第2話 売布宮

「覚えてくれていましたか」

売布宮と呼ばれた男は、にこりと笑った。

「ところで、どうですか。その後の生活のご様子は」と安藤に尋ねる。


「おかげさまで、なんとか生きていますよ」

売布宮を十年ぶりに見たが、十年前と今の印象は全く変わっていない。最初は新人の刑事かと思ったが、あとで更生局の職員と知った。当時から年齢不詳で二〇代にも見えたし、四〇代にも見えた。あれから十年経っているのだから、十年分の月日が顔に刻まれているはずだが、今もなお、二〇代なのか、四〇代なのかも分からない。とはいえ、あれから十年経っている。まさかまだ二〇代ということはないだろう。


生きている気配のない男、それが売布宮の印象だ。そのため、彼から「再会を祝して、いまからレストランにでも行きませんか」と誘われたときは、売布宮にも食事の必要があるんだなと少し意外に思った。


「ここから歩いて五分くらいですし、もちろん私がおごりますよ。ドレスコードもないですし、料理は、持ち帰ってもいいですから。いかがですか」

今夜の予定はないが、別にレストランに行きたいとも思わない。しかし、売布宮に聞きたいことは、いくつもある。それはこの十年間、いくど考えても答えが出ず、最近では問い続けることこそが答えなのではないかと思うに至った問題について、だ。


売布宮の方では、安藤のその沈黙を肯定と受け取った。

「では行きましょうか。近いので歩きますが、構いませんね」

「ええ、大丈夫です」

売布宮に付き合うことに決め、街灯に照らされた舗装路をレストランに向かって二人で歩き始める。二人の関係を知らない周囲の人からは、友人同士に見えたかもしれない。


レストランに着いた安藤は、店構えを見て少し戸惑った。
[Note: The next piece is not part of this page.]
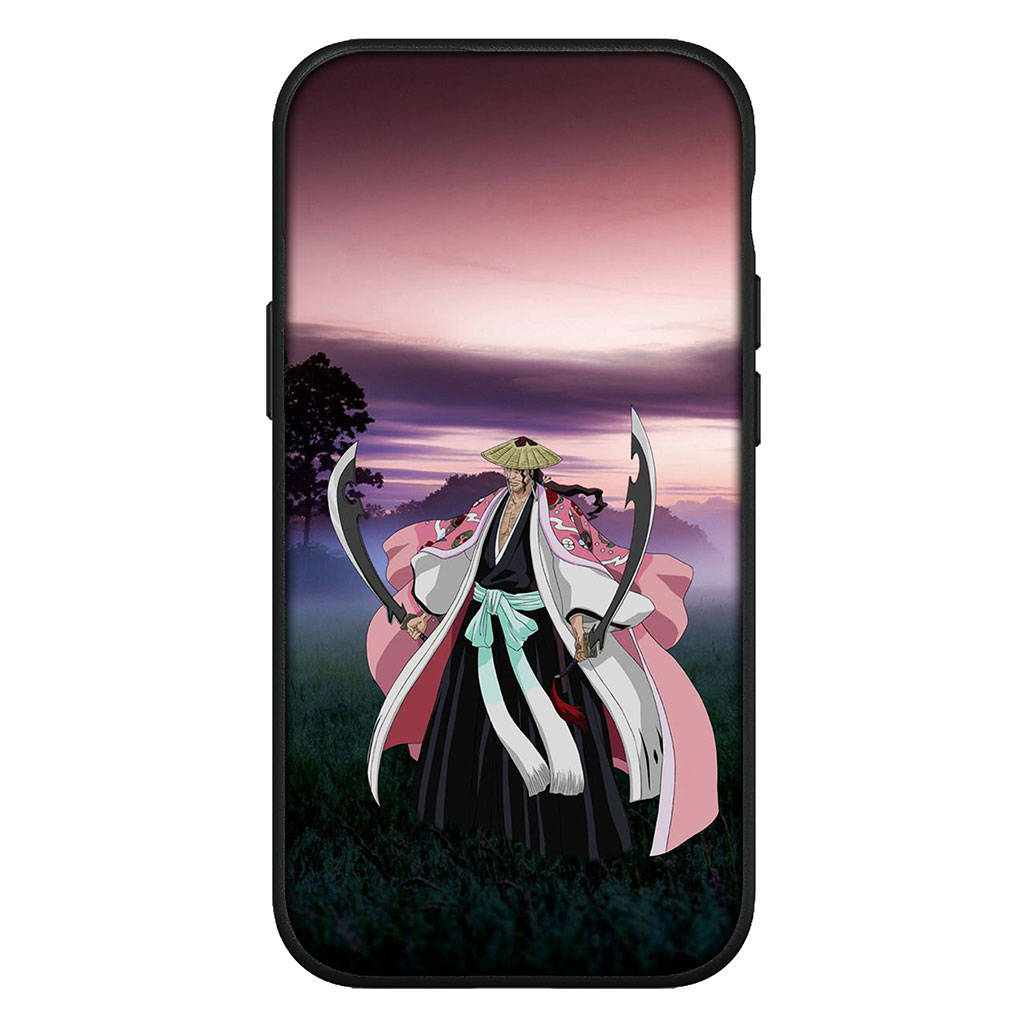 For iPhone 16 15 Xiaomi Redmi Note 14 13 12 11 Pro Max X 8 16e Samsung Galaxy S25 S24 S23 Moto OPPO Kyoraku Shunsui Bleach Kurosaki Ichigo Phone Case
よく手入れされたエクステリアといい、窓から見える落ち着いたインテリアといい、一目で高級店と分かる。ドレスコードのないレストランというから、安くてうまい合成加工肉ハンバーグが売りのファミレスくらいに考えていたが、どうやら高級フランス料理の店だ。
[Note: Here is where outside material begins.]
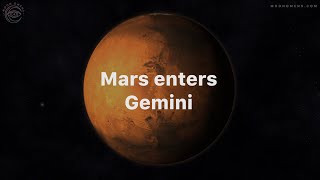 Mars enters Gemini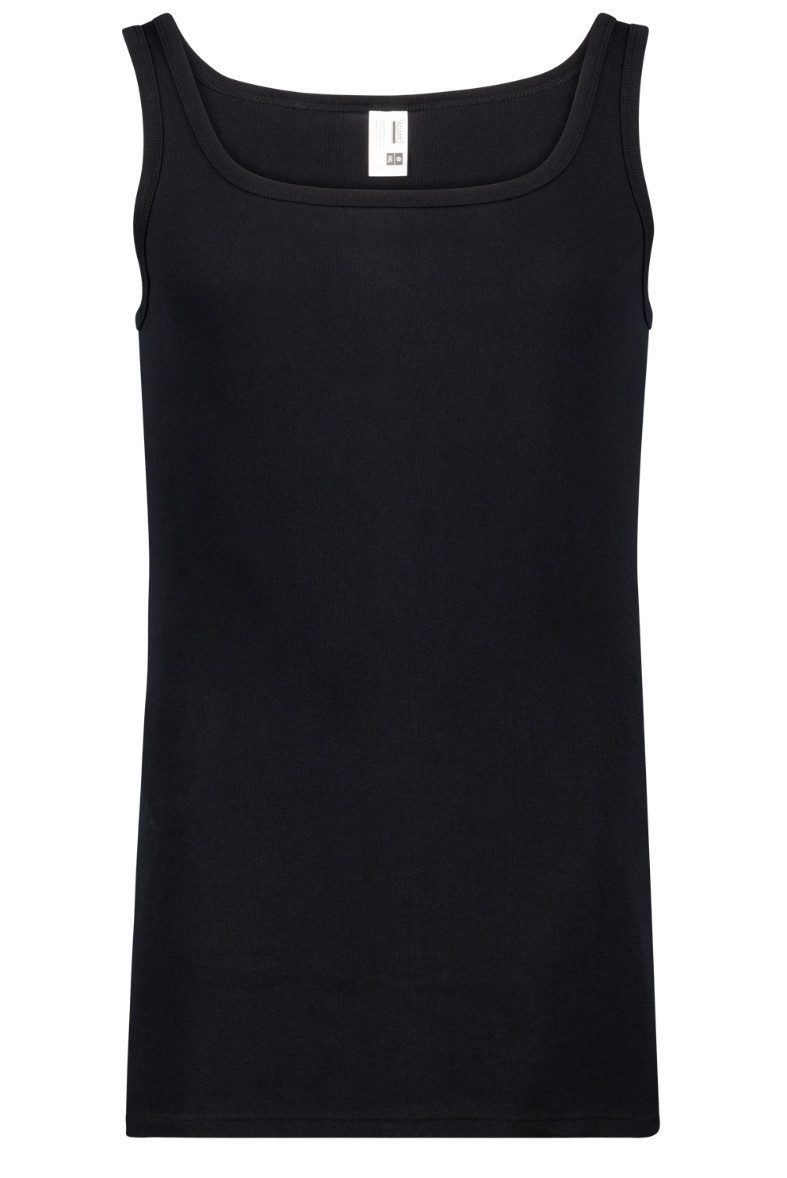 ADAMO Unterhemd Unterhemd Schwarz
店内は、ろうそくを模した雰囲気のある照明が揺らめき、人気店なのか、それなりに混んでいた。クロークでコートを預けたあと、席に案内される。十数卓あるテーブル席は満席に近かったにもかかわらず、窓際のかなり良い席に案内された。売布宮は事前にこの席を予約していたのかもしれない。椅子もテーブルも装飾が凝っていて、クッションも厚い。


着席するなり、安藤は売布宮に尋ねた。

「この席を予約していたんですか」

「ええ、ちょっとした用事がありましてね」

「用事があるのに、急に私が来てもよかったんですか」

「ええ。問題ありません。その用事というのは、安藤さんにも関係していますから」

そう言いながら売布宮が笑う。その笑みに嫌な予感を感じ取った。


ややあってソムリエがテーブルにやって来て挨拶と自己紹介をしたあと、ワインのメニューを開く。ワインの説明が必要かどうかを尋ねられた。
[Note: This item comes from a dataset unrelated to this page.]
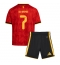 Belgien Kevin De Bruyne #7 Replika Hemmatröja Barn VM 2026 Kortärmad (+ byxor)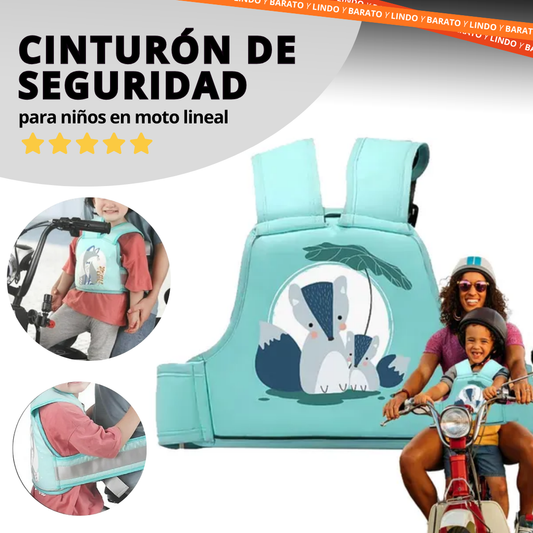 Arnés / Cinturón de Seguridad para niños en moto lineal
「酒は飲まないので、開栓されていないボトル入りのミネラルウォーターをお願いします」と安藤。ソムリエはその注文に戸惑いを覚えたようだったので、そのまま持ち帰るからと説明すると、事情を察して、かしこまりましたとだけ言った。


売布宮もボトル入りのミネラルウォーターを頼み、ソムリエに持ってこさせた。彼は水を飲みながらメニューを眺める。

「会計はこっちの経費で持ちますから、どうぞお好きなものを注文してください」


そうはいうものの、安いレストランでもないので、あまり高いものを選ぶのは気が引ける。少し考えて、前菜、スープ、メイン一品、デザートだけの一番安いコース料理を注文することにした。

メイン料理は、安い培養魚を選び、デザートとセットのコーヒーは、ハーブティーに変えてもらう。夜にカフェインを摂ると眠れなくなるからだ。


そんな安藤に気を遣ったのか、売布宮の注文は、ハーブティーを除いて安藤とまったく同じだった。